My Profile Photo

Chris Arcand


Principal Engineer building Terraform at IBM / HashiCorp 👨‍💻 Formerly: Red Hat, NBC SportsEngine, RubyMN organizer. Once played the clarinet for a living, now making a living to play hockey. I make pointless connections to Minnesota as a Minnesotan does.

St. Paul, MN


Purposeful Commits

Merge commits, squash commits, rebasing, requiring a linear history…how a team chooses - or does not choose - to manage changes to their codebase is an inevitable discussion at any software company. I’ve had this conversation many times before for Git, so I thought it was time to write down my own take on the subject. I’m no pedant, I don’t enforce a strict policy doing this on things I review, I mostly just quietly structure my own work this way and am thrilled when others do the same.

Look at most Git repositories and you’ll find one of two problematic approaches to commit history:

On one end we have merge commits, which introduce a Git history on main with dozens of messy commits like “WIP”, “fix tests”, and “oops forgot this file”.

main feature-branch "Initial commit" "WIP" "Fix failing tests" "Oops forgot this file" "More WIP" "Finally works" "Merge pull request #41" Merge point

While these accurately document someone’s development journey - complete with mistakes and backtracking - they create noise that makes it difficult to understand the actual changes later. Scrolling through twenty commits to understand what should be a simple feature addition wastes everyone’s time. Seeing a change that never actually saw the light of day because it was changed five minutes later in the same exact pull request is pointless. Finding regressions and reverting them are annoyingly difficult, as the changes that appear to have been done long in the past are actually just a few minutes old in a deployment - the dates and times on the commits don’t matter, they weren’t included in the branch until the moment in time of the merge commit that they belong to.

Sadly, because it’s the easiest way to merge changes, and likely due to it being the default strategy for GitHub PRs, this is the most common approach while also being the messiest and least useful. In my experience, most of the time this method is used not intentionally but because of indifference.

On the other end of the spectrum, we have the single squash commit approach - clean but lacking detail. The changes from set of commits included in a pull request are ‘squashed’ to a single commit to be actually merged to the main trunk, which discards valuable context about how the solution evolved.

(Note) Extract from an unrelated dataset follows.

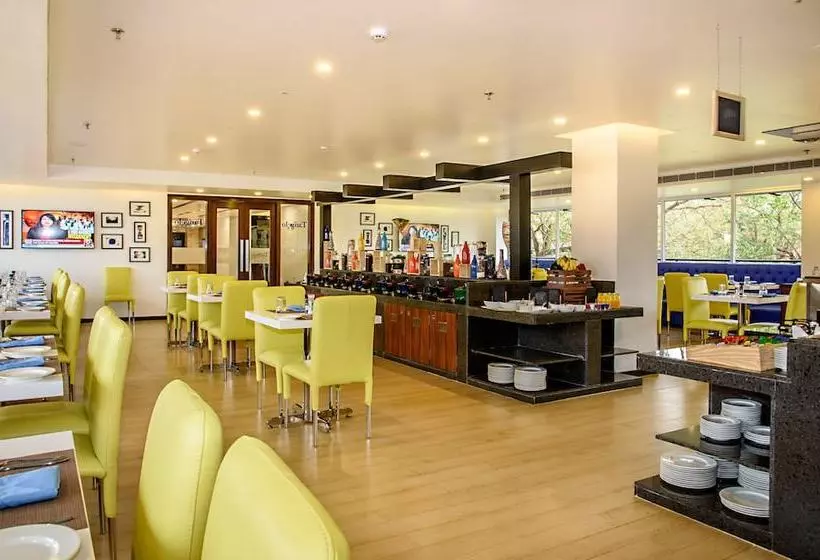 Hotelli The Phlox Hubballi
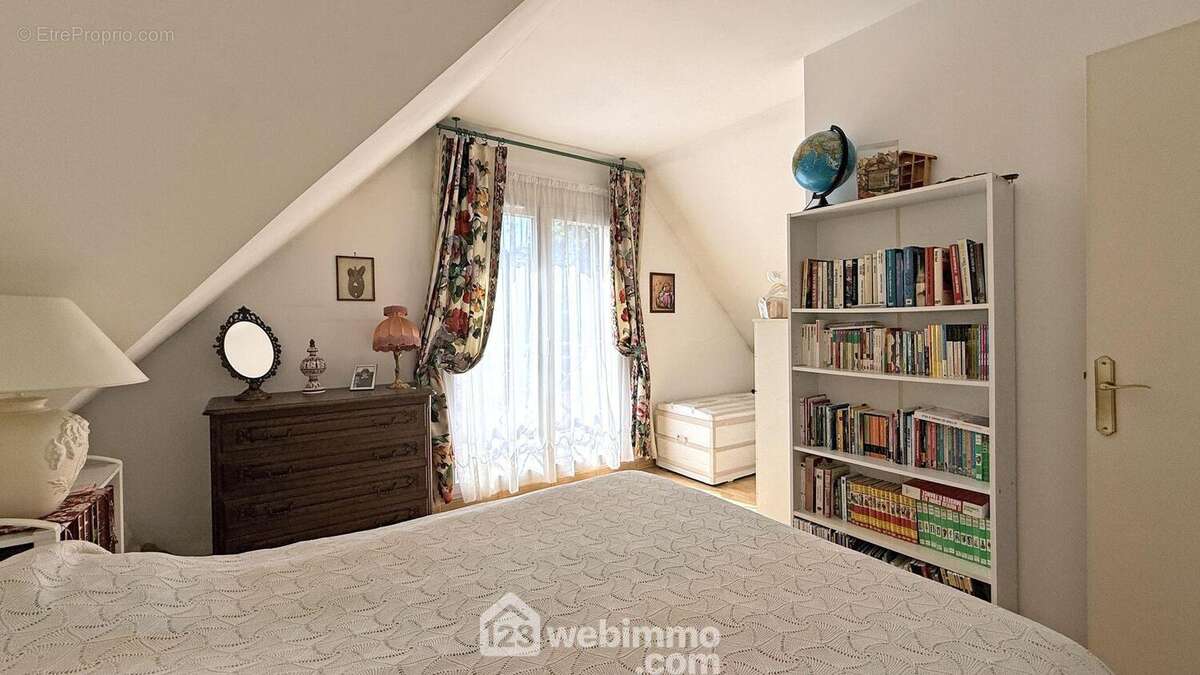 Maison 151 m² à Sucy-En-Brie  - photo 7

main feature work "Initial commit" "WIP" "Fix failing tests" "Oops forgot this file" "More WIP" "Finally works" "Add user authentication feature" Squash commit

Condensing six hours of work that included refactoring an interface to make it pluggable, changing some test structure to make more sense to add to, and adding a new feature all in a single “Add user authentication” commit tells future developers almost nothing about the decisions made along the way.

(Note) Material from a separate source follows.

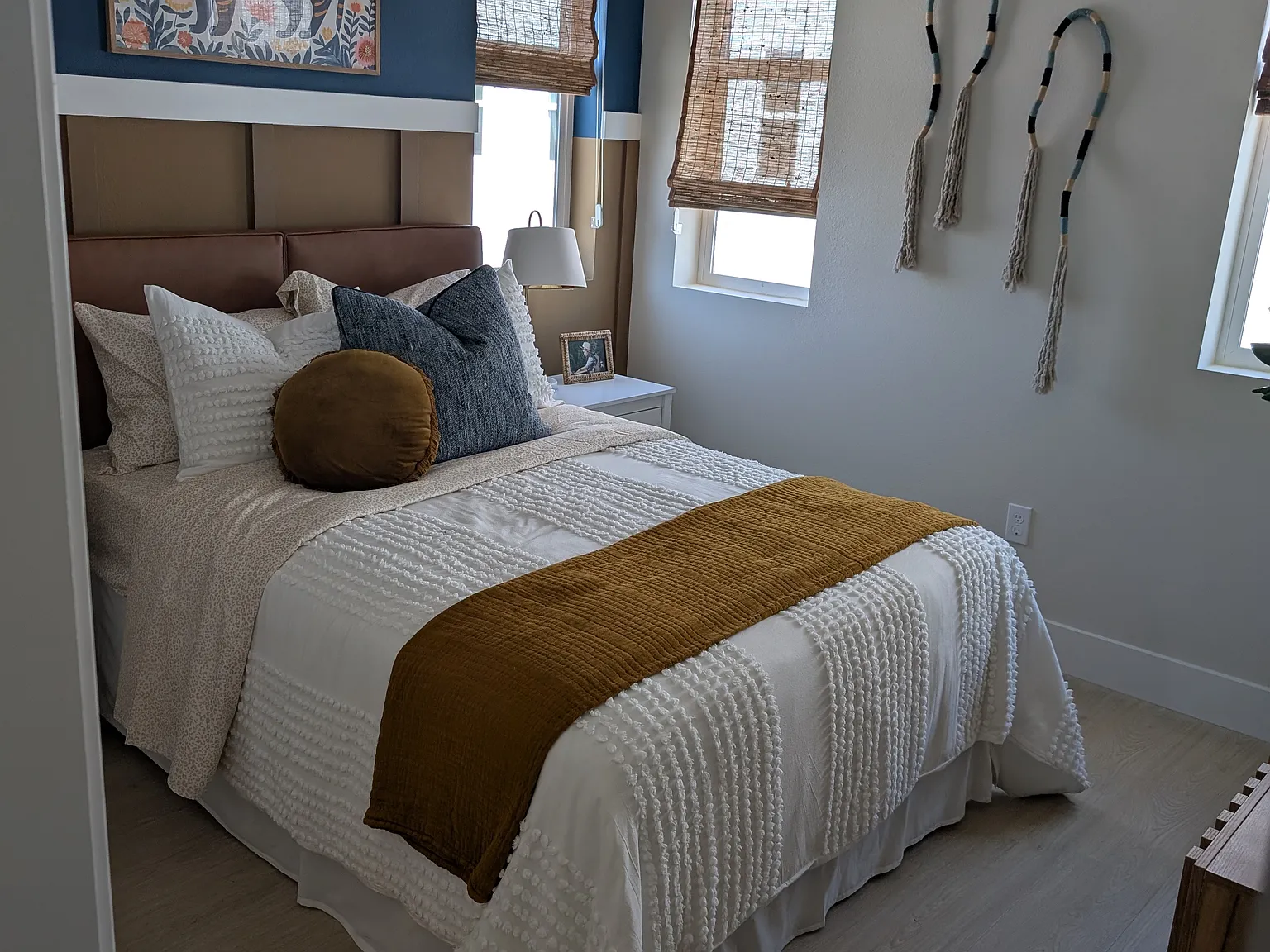 259 Capulet Dr — Photo 2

While this approach is cleaner and certainly preferrable over merge commits, it’s often too clean. Unless you are always merging the tiniest of changes at time, it’s likely that you’ll lose valuable context about the purpose of individual decisions that supported the final overarching solution to the problem at hand, unless authors are willing to walk through everything in the squash commit’s description.

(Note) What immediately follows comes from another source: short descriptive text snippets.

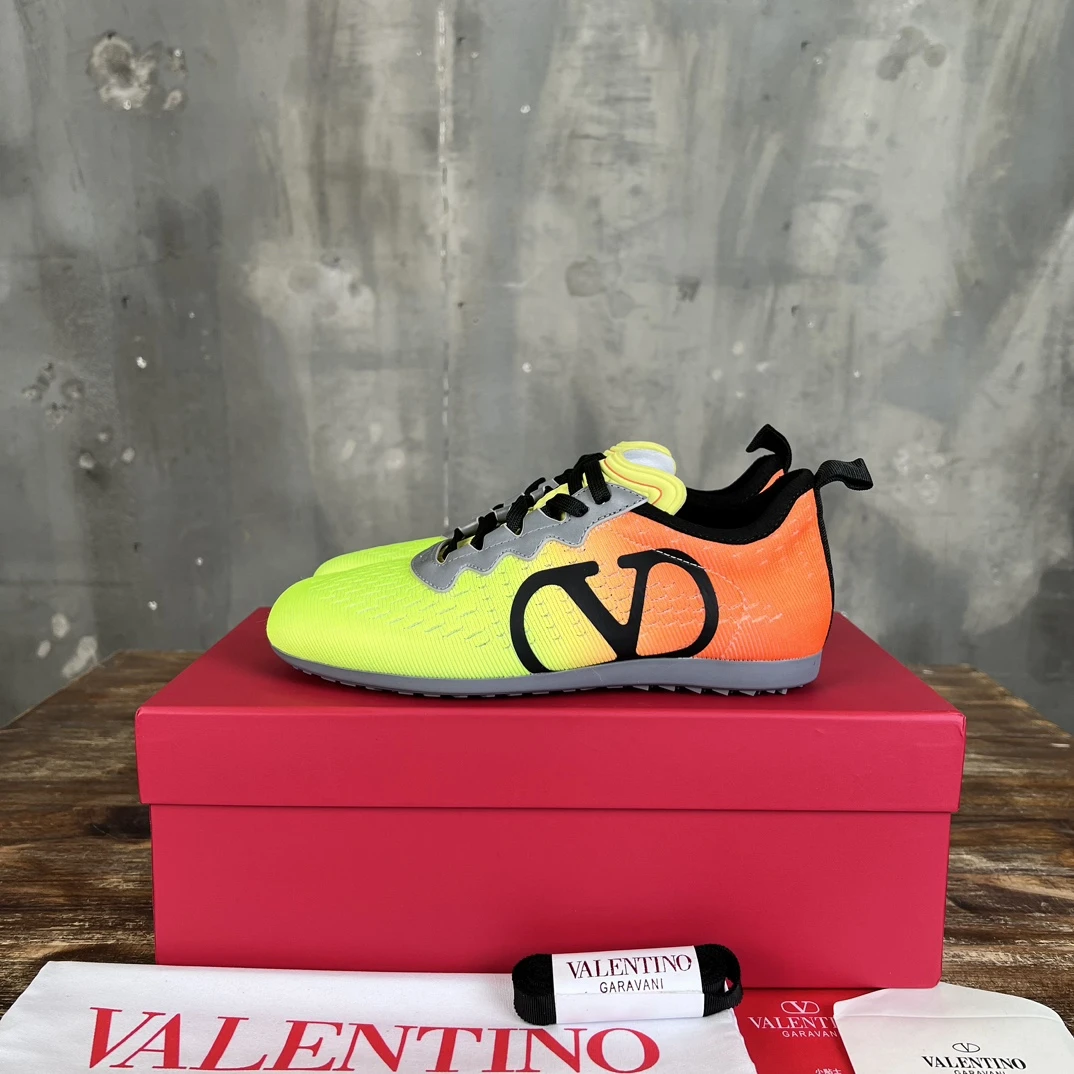 Valentino Sneakers — 67995266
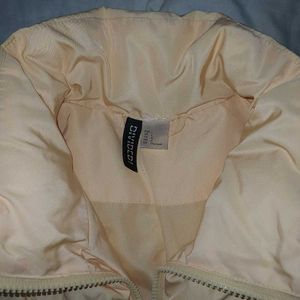 H&amp;M Half Puffer Jacket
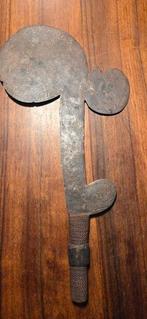 Afrikaans betaalmiddel werpmes Banda Congo, Antiek en Kunst, Ophalen of Verzenden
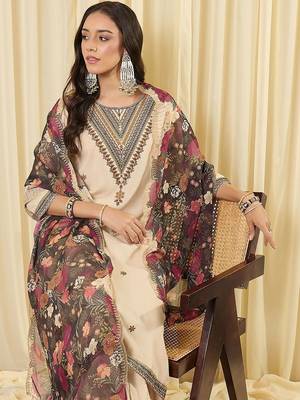 Women Floral Embroidered Regular Thread Work Kurta with Patiala & With Dupatta 3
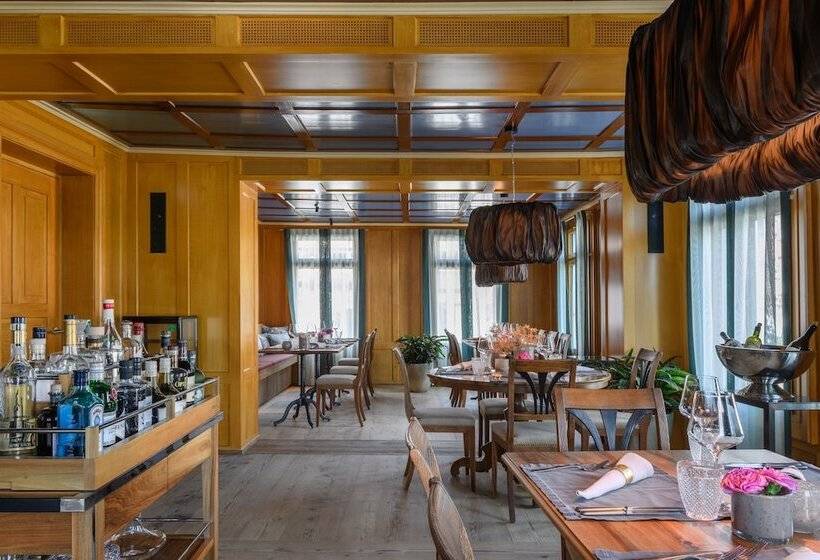 هتل Appenzeller Huus Huus Loewen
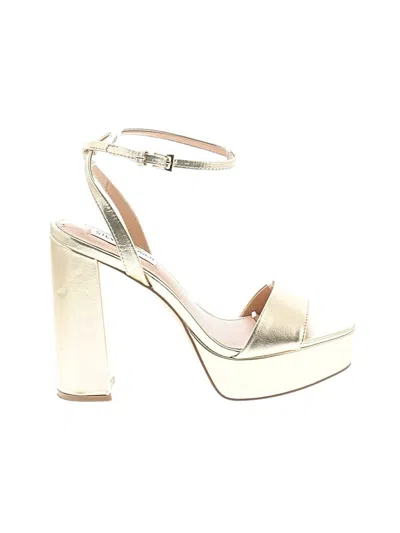 Pre-owned Steve Madden Sandals In Ivory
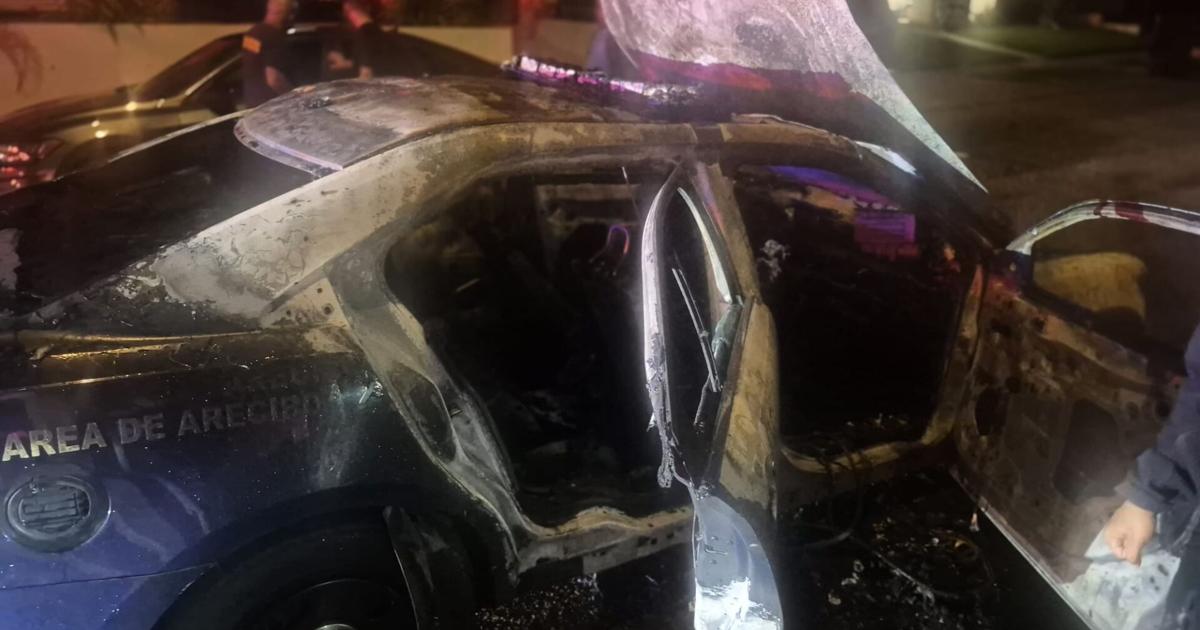 Patrulla de la Policía se incendia en Arecibo mientras agentes expedían un boleto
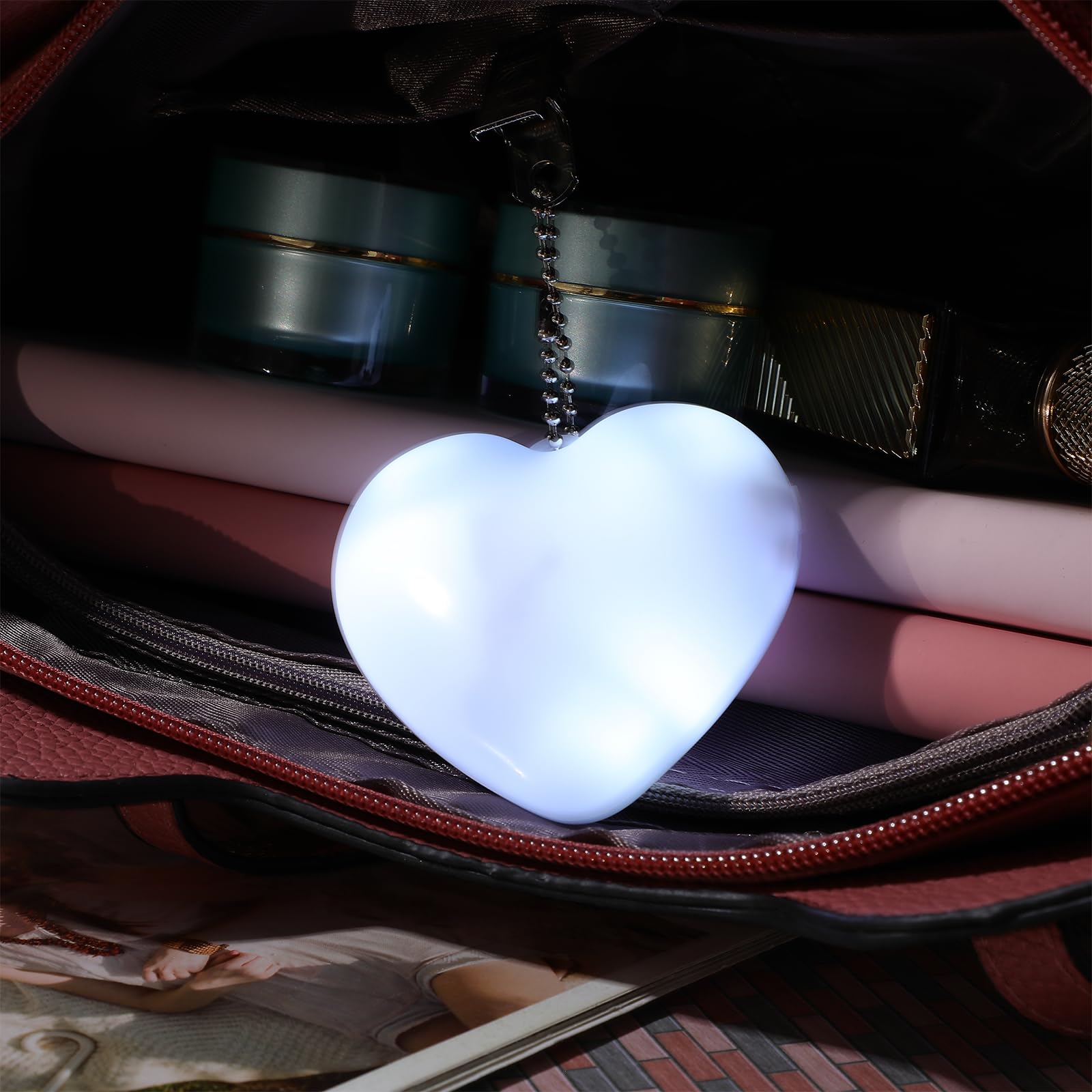 Uonlytech 2Pcs Purse Light Handbag Light Sensor Heart Shape Bag Illuminator Hanging Night Light for Women Ladies Girls …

What happens more often when folks ‘use squash commits’ is the worst of both worlds: With the automatic ‘Squash and Merge’ function on GitHub, developers make 50 commits ala ‘typo’ and ‘fix tests’ for a pull request, then use the ‘Squash and Merge’ button to combine them all into a single commit without amending the commit message for all those changes. Git will take all the commit messages and combine them all together in the squash commit, so a future developer looking for context on a change finds this very helpful commit message explaining the changes:

commit 2b2bce0d228763880ba19cd089a166429ab5a118 (HEAD -> main, origin/main)
Author: Jonathan Smith <[email protected]>
Date:   Thu Mar 13 16:27:25 2025 -0500

    change user.go to use new interface

    Update openapi/spec/schemas/my-feature/thing.yml

    Co-authored-by: Betty Sue <[email protected]>

    refactor #execute method

    Merge branch 'main' into jonsmith/user-authentication

    oops, typo

    fix test

Sigh.

Now, if folks are disciplined enough to rewrite the squash commit message at merge time, squash commits are still pretty agreeable and add very, very little overhead for folks, so squash commits are the minimum thing I usually actively advocate for. Great! Do that.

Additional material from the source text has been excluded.